Defining the request schema with Pydantic’s BaseModel gives you automatic input validation and OpenAPI docs from FastAPI for free. As you can see in the screenshot below, the Swagger UI generates automatically.

Running uvicorn main:app --reload locally and opening /docs gives you a live Swagger UI you can test directly. That convenience is one of the main reasons I reach for FastAPI.

Step 2: Implementing the SSE Streaming Endpoint

Server-Sent Events (SSE) is the simplest way to push a one-directional real-time stream over HTTP. It’s simpler to implement than WebSocket and fits perfectly for the pattern of streaming text from server to client, which is exactly what Claude does.

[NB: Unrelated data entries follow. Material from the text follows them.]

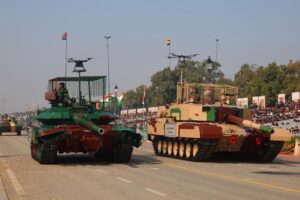 Republic Day parade 2026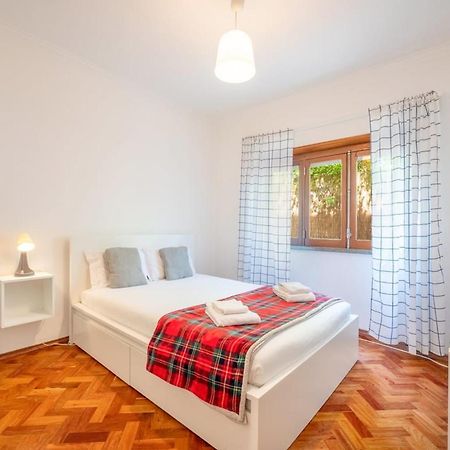 Guestready -Beachside Apt Near Praia De Carcavelos Parede Extérieur photo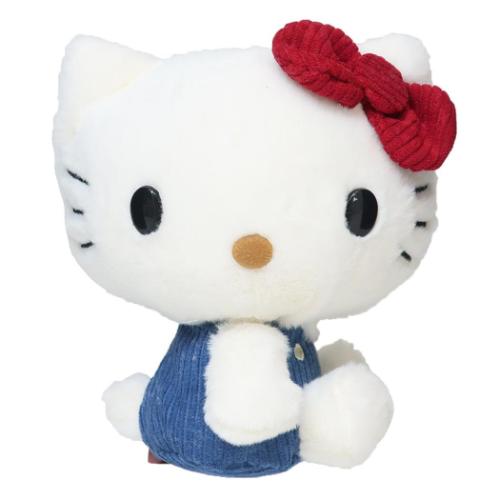 ハローキティ　レトロなぬいぐるみ　くまちゃん ハローキティ レトロなぬいぐるみ くまちゃん 2025年最新】キティ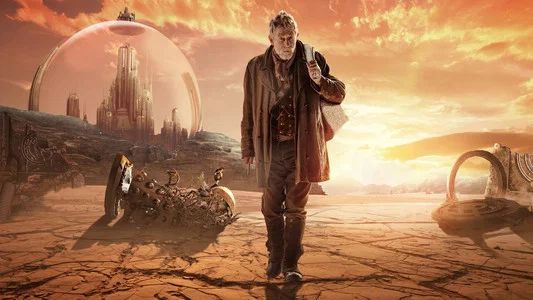 Foto de Doctor Who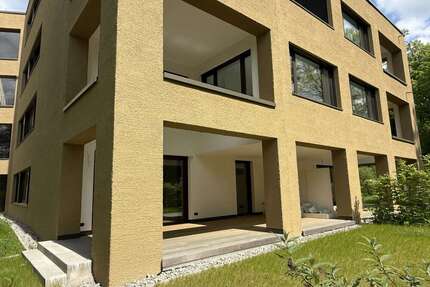 Wohnung zum Kaufen in Göttingen 1.250.000,00 € 195 m²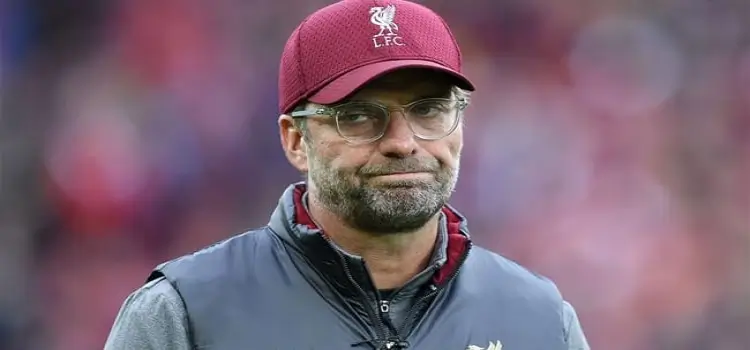 Jürgen Klopp, Fenerbahçeli futbolcunun transfer edilmesini istedi! 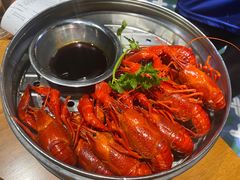 -0574龙虾的故事(东裕店)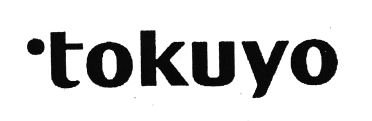 Trademark TOKUYO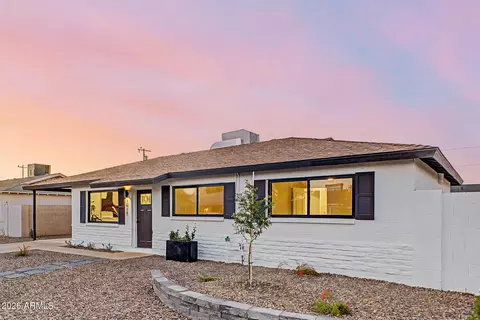 Exterior - 1018 E Ruth Ave, Phoenix, AZ 85020 photo 13 of 18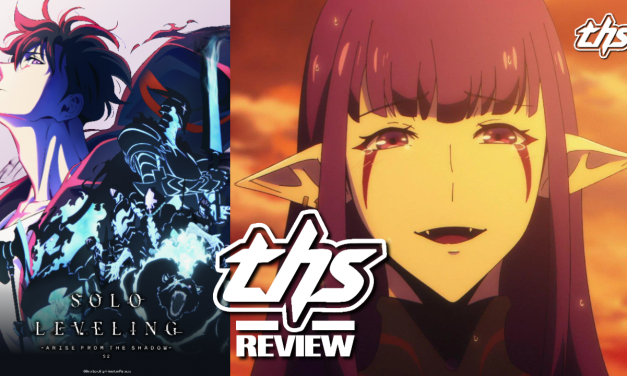 Solo Leveling Season 2 -Arise from the Shadow- Ep. 20 “Looking Up Was Tiring Me Out”: They Wasted A Perfectly Good Character [Review]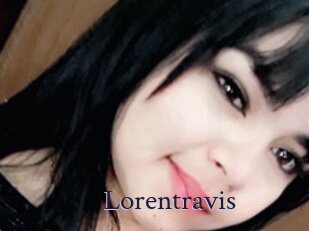 Lorentravis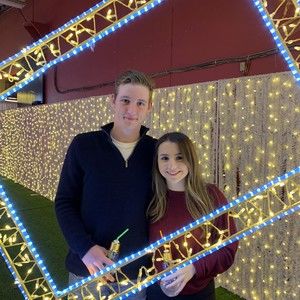 Meet your Posher, William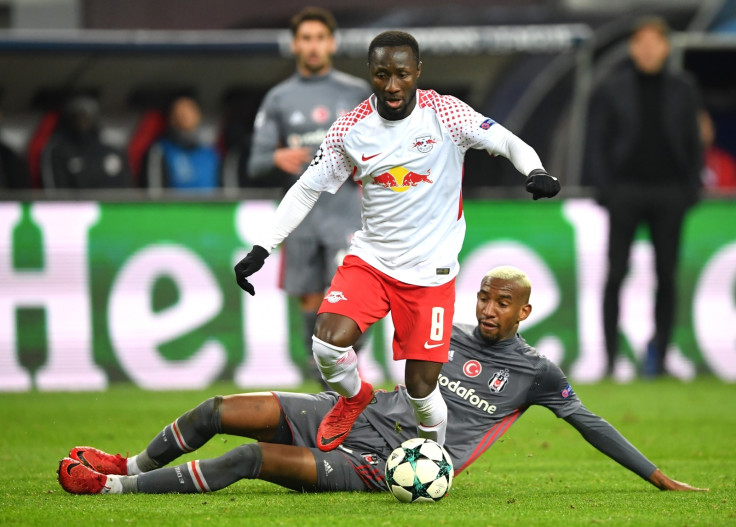 Naby Keita 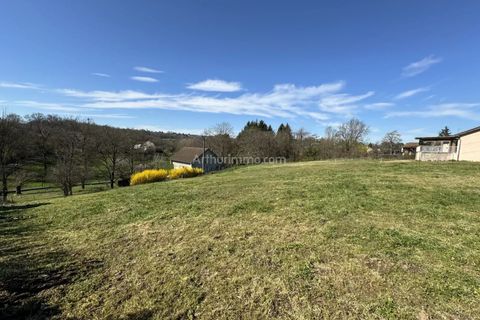 Terra a Corbelin, Isere, Corbelin - € 79.000 | Ref: 6787 - foto 6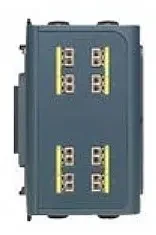 Коммутатор промышленный Cisco IEM-3000-8FM=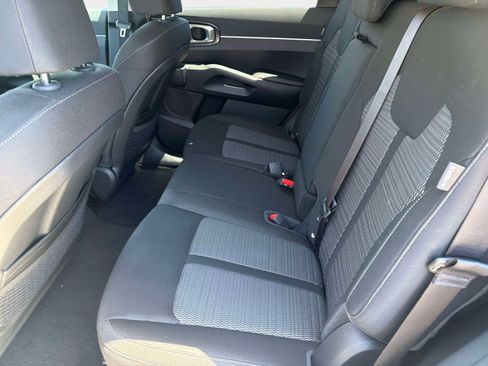 New 2026 Kia Sorento LX FWD image 11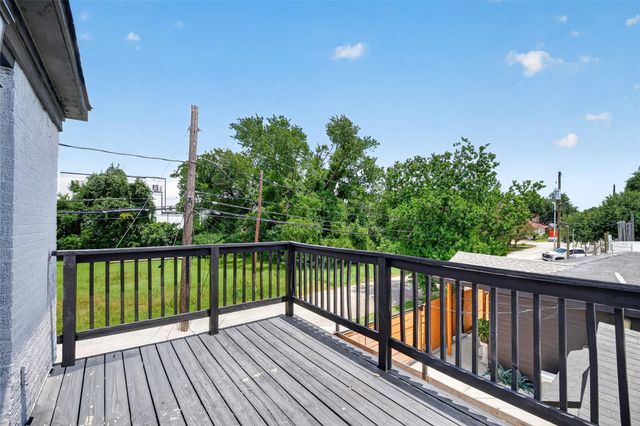 3701 Hutchins Street, Houston, TX 77004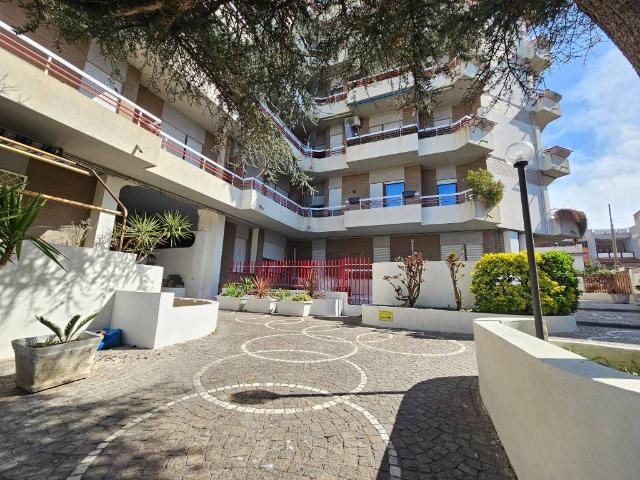 Appartamento in vendita a Nettuno RM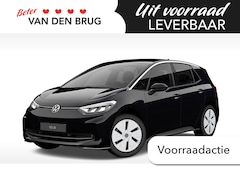 Volkswagen ID.3 - Pure 52 kWh | Navigatie | LED | Stoelverwarming | PDC |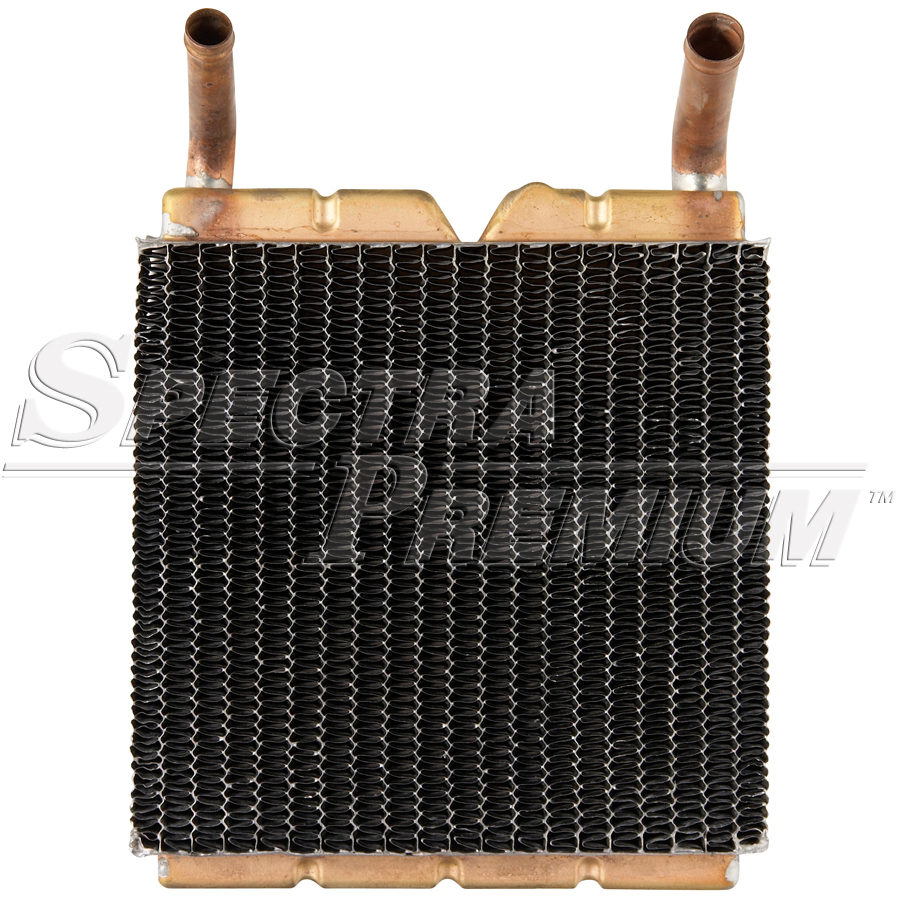 HVAC Heater Core Spectra Premium 94512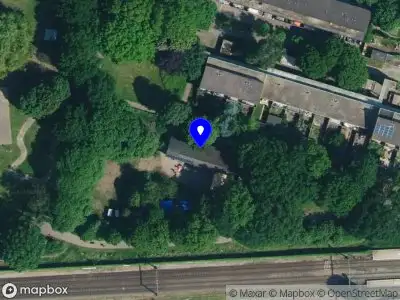 Scouting Titus Brandsma Deventer Deventer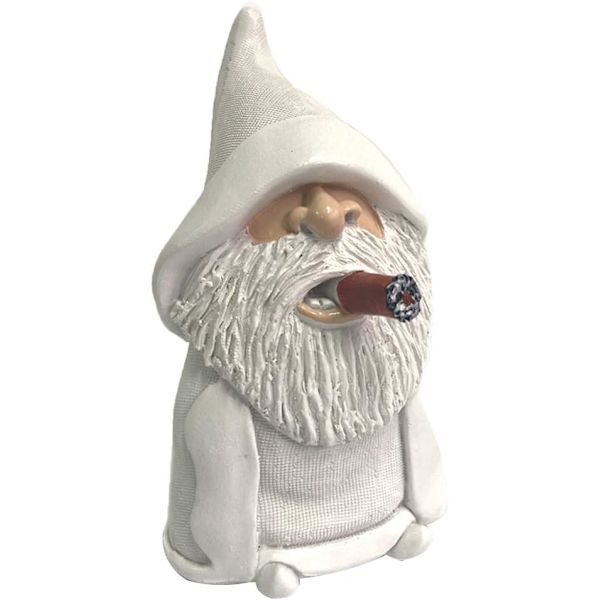 Puutarhan kääpiö, Hauska Puutarhan Koristelu GNOME Mies, Kääpiö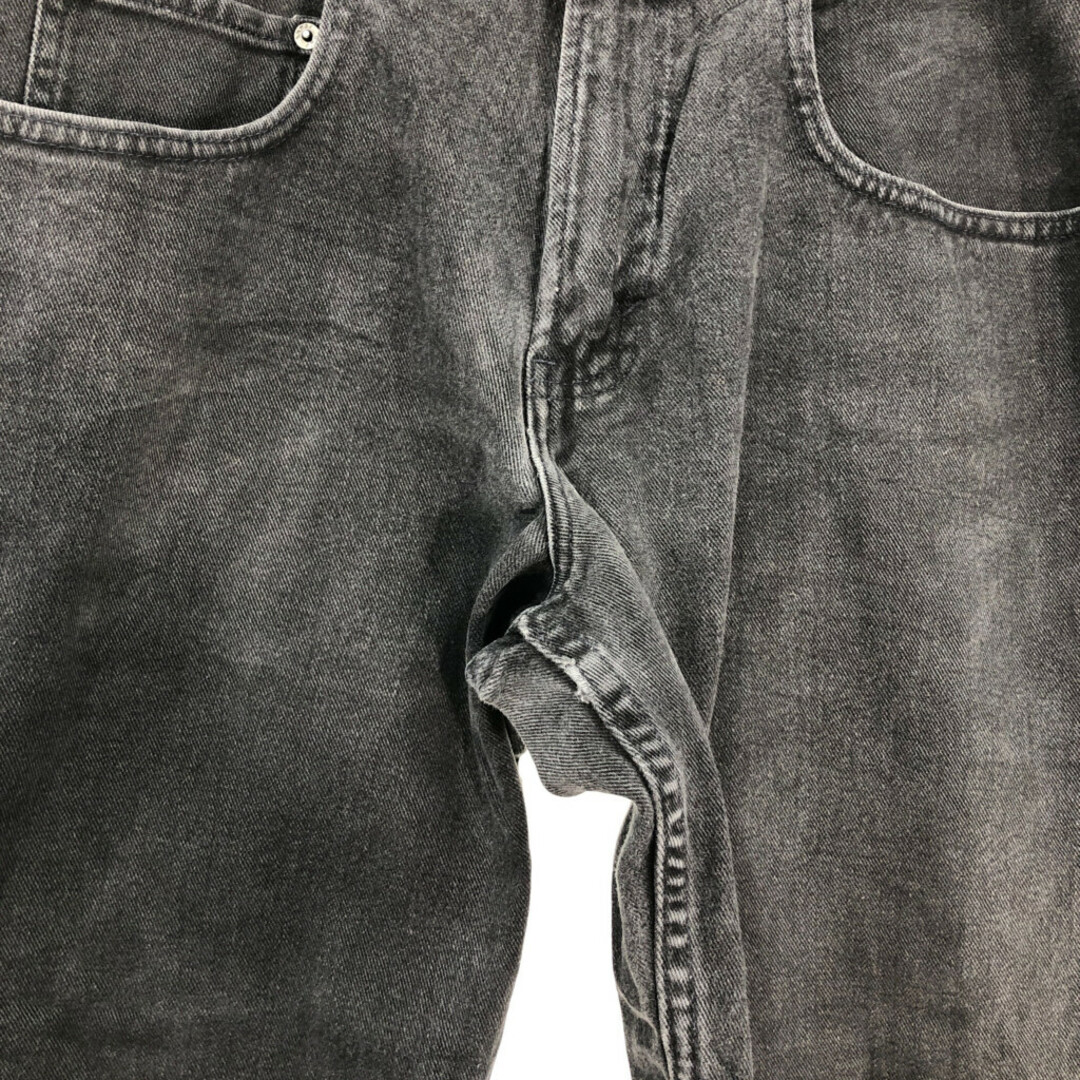 GAP - 00年代 GAP ギャップ baggy バギー デニムパンツ ブラック GAP - 00年代 GAP ギャップ baggy バギー デニムパンツ ブラック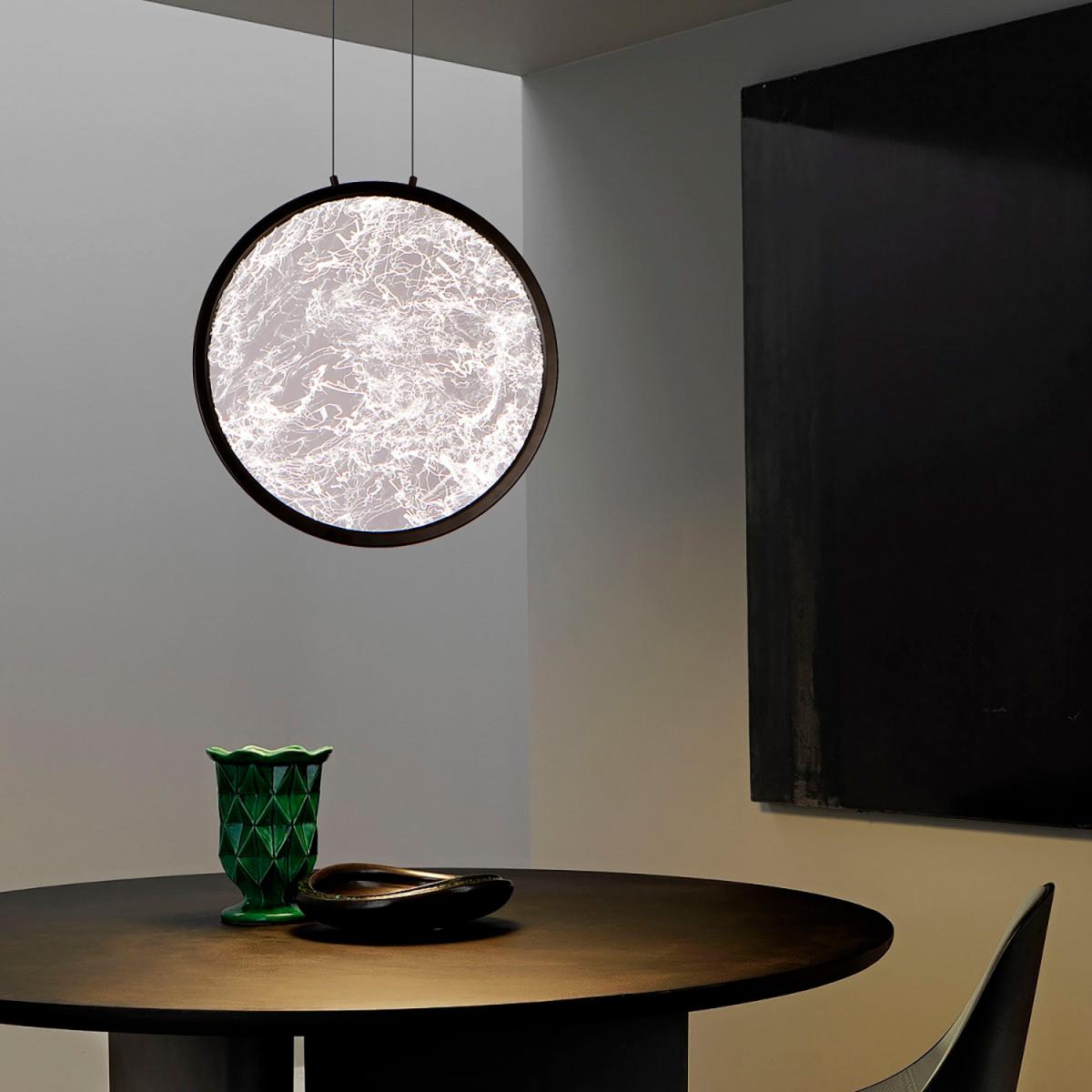 Подвесной светильник Favourite Imma 4375-1P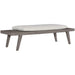 Bernhardt Interiors Pella Bench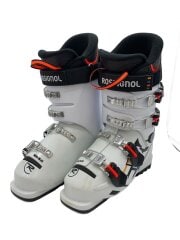 画像：HERO JR 65 スキーブーツ/23.5cm/WHT/HERO JR 65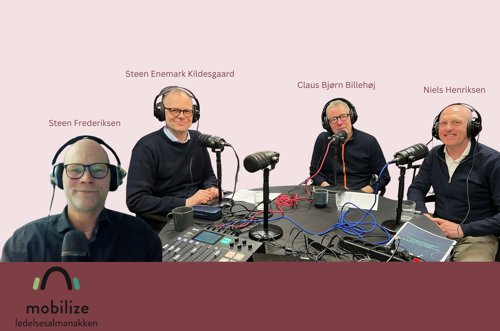 1. Dec 25 Podcast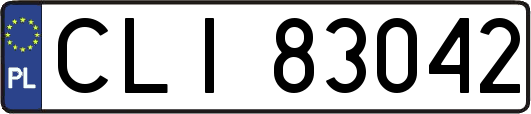 CLI83042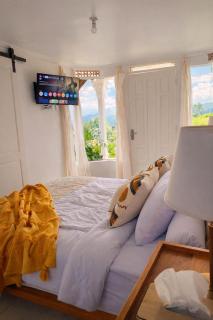 Fern Gully Hideaway Batu - 5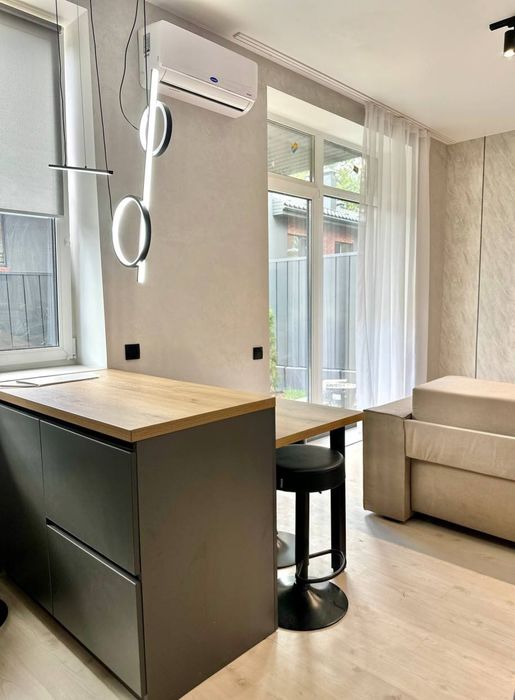 Таунхаус з ремонтом Ірпінь Центр 17 школа єОселя Сертифікат Розстрочка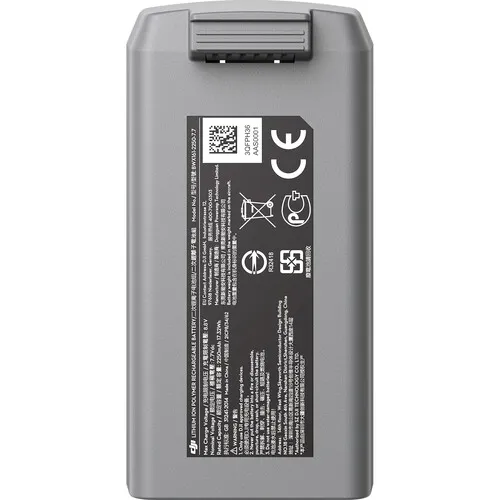 DJI Mini 2 Intelligent Flight Battery for Mini 2, Mini SE, Mini 4K, Mini 2 SE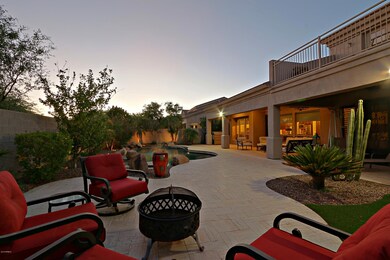 Backyard 9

The key is combining FastAPI’s StreamingResponse with Anthropic SDK’s stream() context manager:

import asyncio
import json
from typing import AsyncGenerator


async def stream_claude(request: ChatRequest) -> AsyncGenerator[str, None]:
    """Claude API streaming → SSE event generator"""
    try:
        with client.messages.stream(
            model="claude-opus-4-7-20251101",
            max_tokens=request.max_tokens,
            system=request.system,
            messages=[{"role": "user", "content": request.message}],
        ) as stream:
            for text in stream.text_stream:
                # SSE format: "data: {...}\n\n"
                yield f"data: {json.dumps({'text': text, 'type': 'delta'})}\n\n"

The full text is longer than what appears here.